- _Data section_:
##############################

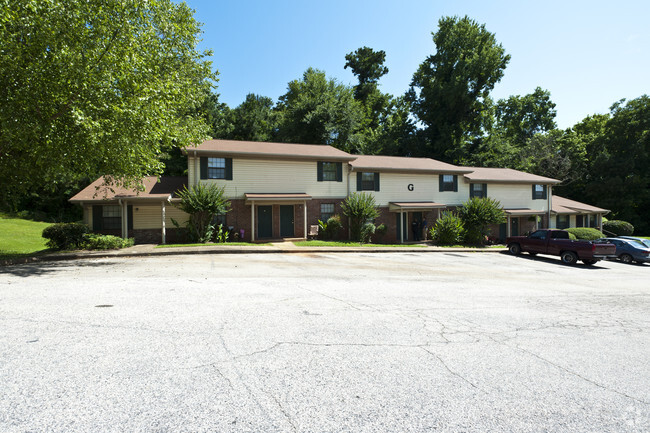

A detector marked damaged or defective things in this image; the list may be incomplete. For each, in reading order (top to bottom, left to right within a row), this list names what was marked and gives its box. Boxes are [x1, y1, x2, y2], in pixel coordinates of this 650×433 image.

cracked asphalt [1, 251, 648, 430]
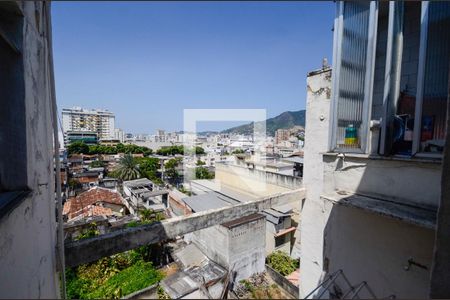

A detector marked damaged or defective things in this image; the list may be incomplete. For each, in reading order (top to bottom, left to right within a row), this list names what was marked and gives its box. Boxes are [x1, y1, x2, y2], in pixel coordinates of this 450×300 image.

peeling painted wall [0, 1, 58, 298]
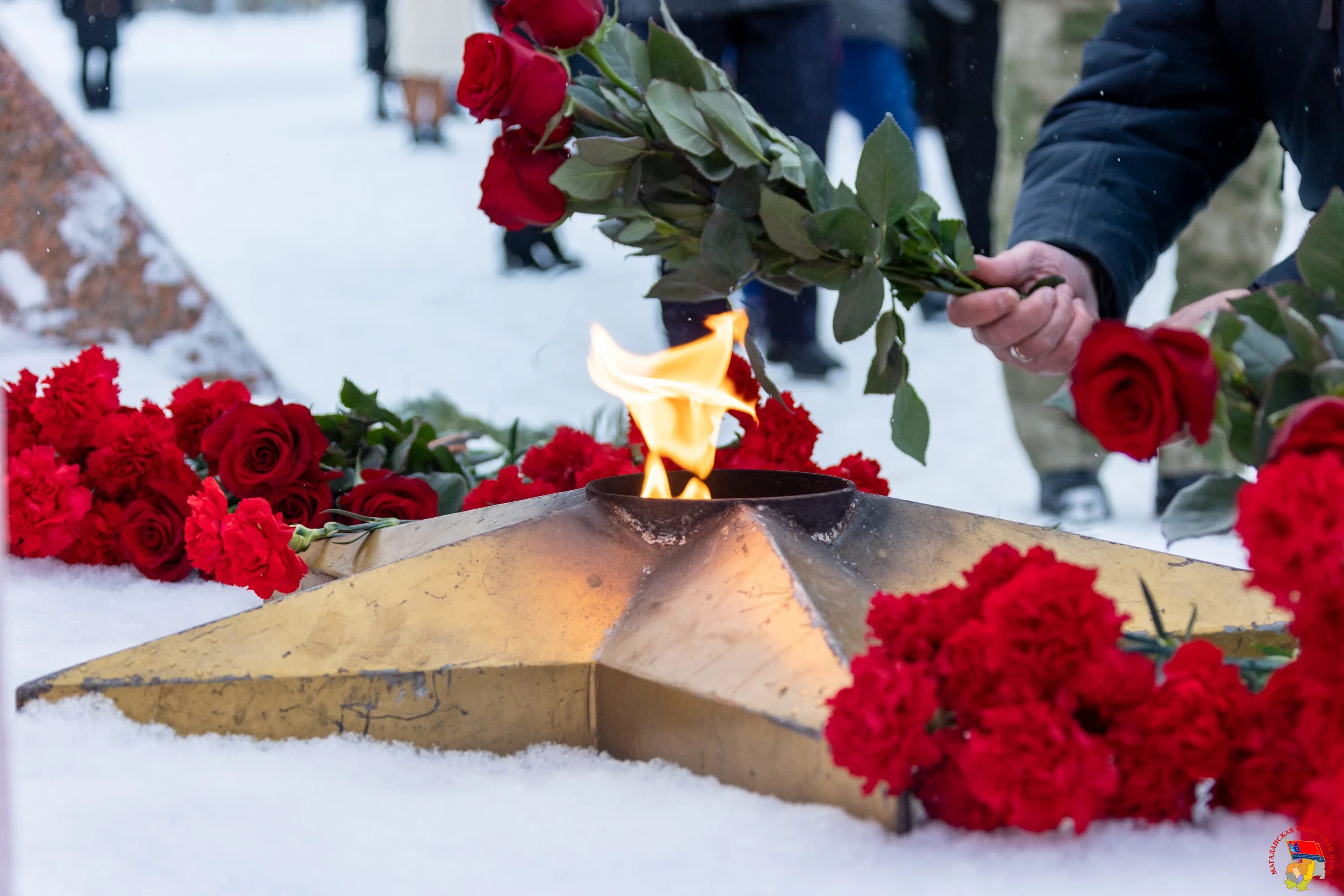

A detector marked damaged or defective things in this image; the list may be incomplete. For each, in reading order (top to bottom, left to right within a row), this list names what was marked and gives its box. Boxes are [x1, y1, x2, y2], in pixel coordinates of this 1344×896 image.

rusted metal rim [583, 470, 855, 540]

##############################

- _Assigned task_: Write out the records above in full and exactly, with no pictures.

- _Exercise response_:
A detector marked damaged or defective things in this image; the list may be incomplete. For each, in reading order (top to bottom, left to right within a row), this list names what was marked and gives its box. Boxes are [x1, y1, x2, y2], in pixel coordinates of this 650×433 image.

cracked asphalt [1, 251, 648, 430]

A detector marked damaged or defective things in this image; the list may be incomplete. For each, in reading order (top to bottom, left to right within a row), this list names what was marked and gives its box. Boxes are [x1, y1, x2, y2], in pixel coordinates of this 450×300 image.

peeling painted wall [0, 1, 58, 298]

A detector marked damaged or defective things in this image; the list may be incomplete. For each, in reading order (top to bottom, left to right within a row), this list names what was marked and gives its box. Boxes are [x1, y1, x2, y2], in pixel coordinates of this 1344×896 image.

rusted metal rim [583, 470, 855, 540]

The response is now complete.